Mehr als eine Woche nach der Explosion in einem Krankenhaus in Gaza, deren Opferzahl von der palästinensischen Hamas zunächst mit 500 angegeben war, sind viele Fragen offen. Das israelische Militär hat den Vorwurf zurückgewiesen, für die Explosion verantwortlich zu sein. Ein mehrfach als wichtiges Beweismittel angeführtes Video gibt aber nach Analyse der New York Times keinen Aufschluss über die Geschehnisse.
Das Video des arabischen Fernsehsenders Al Jazeera zeigt ein Geschoss, das durch den dunklen Himmel über Gaza rast und in der Luft explodiert. Sekunden später ist eine weitere Explosion am Boden zu sehen.
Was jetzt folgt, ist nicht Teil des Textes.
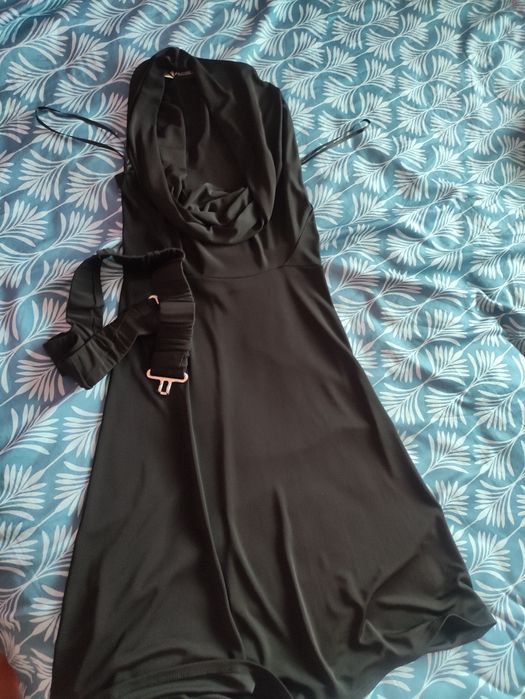 Официална рокля.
Das Filmmaterial ist häufig als Beweismittel genannt worden, da israelische und US-Beamte behauptet haben, dass eine verirrte palästinensische Rakete am Himmel eine Fehlfunktion hatte, zu Boden fiel und eine tödliche Explosion im Al-Ahli Arab-Krankenhaus in Gaza-Stadt verursachte.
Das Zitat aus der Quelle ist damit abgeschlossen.